60. It seems to me unarguable that the wife has a reasonable need for a home in England.  She currently rents a practical-sized property in a desirable part of a city in the North East.  She has the option to purchase this property; the option is open to her until April 2019, though at a favourable price if before April 2018 (the purchase price would be £1.2m).  The home is geographically close to her son.  It requires some adaptation to reflect the wife's physical disabilities, which (in accordance with the detailed specifications which have been submitted in evidence) would be likely to cost in the region of £250k.

61. Mr. Bishop contends that the wife has a reasonable need for a property in Singapore.  This is, or would be, evidently more contentious.  Mr. Bishop argues that this is an entirely legitimate aspiration having regard to a combination of the following factors: (a) Singapore is the wife's home country; (b) during the marriage, the parties spent extensive time there; (c) the wife ought to be able to spend time near her family (she has a large family in Singapore); (d) she benefits from the climate there. This will be, as he put it, a second home in the true sense, where she contemplates spending 12-18 weeks per year; this is not a holiday house, such as a ski chalet or Mediterranean villa.  The wife travelled to Singapore in September with her care consultant, Ms Chance; this visit enhanced "a positive mental attitude and good energy levels" in the wife, who was also able to access various therapies while there.  I broadly accept the wife's case in this respect.

62. Mr. Bishop finally submits that in a case such as this, there are sufficient resources to justify housing provision of just over £3m in aggregate. 

63. The wife's budget as claimed has been assessed by her legal team at £581k per annum.  I have studied the claim with care. Given what I know of the parties' lifestyle, I have resisted the temptation to view it through too parsimonious a lens.  The properties in England and Singapore will need to be maintained.  It is reasonable in my judgment for the wife to travel to Monaco for up to three weeks each year, to New York (where S has been living), and of course to Singapore. It is reasonable for the wife to have the use of a part-time Personal Assistant and of a Financial Deputy.

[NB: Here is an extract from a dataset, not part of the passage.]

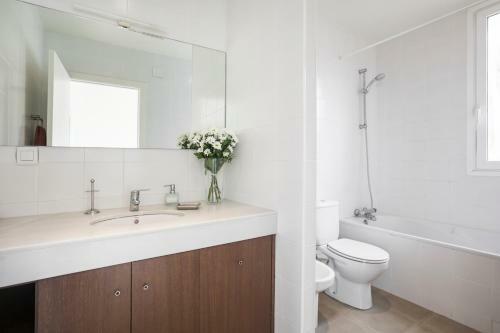 Sitges Villa Sleeps 11 With Pool And Air Con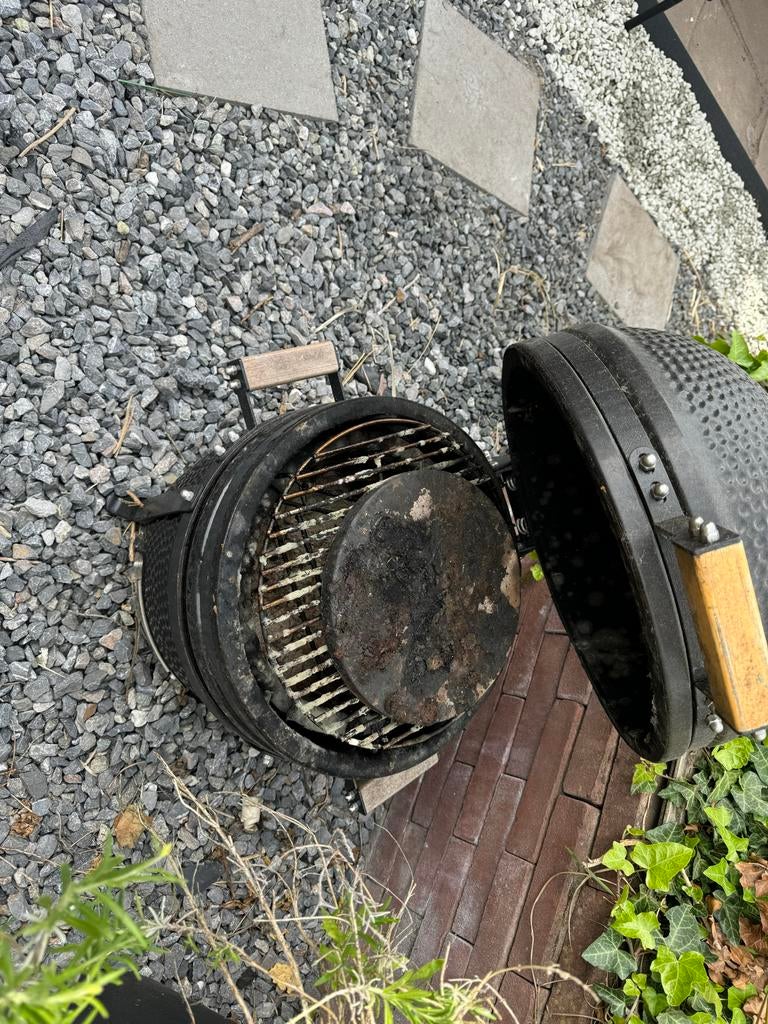 Urban Chef Egg BBQ - Goede staat, moet schoongemaakt, Ophalen, Zo goed als nieuw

I felt it was right only to trim the somewhat overly extravagant annual budget for food/dining/household, shopping/restaurants, socialising, clothing and handbags, entertainment and hobbies, and I did so by reducing it to £65k. 

64. The general needs would therefore be met by an annual figure of £298,648.  Were it not for the wife's special care needs this would be the extent of her income claim; had this claim been capitalised, the wife would have required a sum in the region of £5.4m.

The wife: her medical condition and specific needs;

65. The Matrimonial Causes Act 1973 ('MCA 1973') requires the court to have specific regard to the physical and/or mental disabilities of the parties (section 25(2)(e) MCA 1973).   This is, of course, of particular significance in this case.

66. I have reviewed the compendium of medical reports obtained in relation to the wife (see the list at [13] above).  It is of advantage that most of these reports have been the product of joint instructions, commissioned at a time when the husband was represented, and with the benefit of advice. 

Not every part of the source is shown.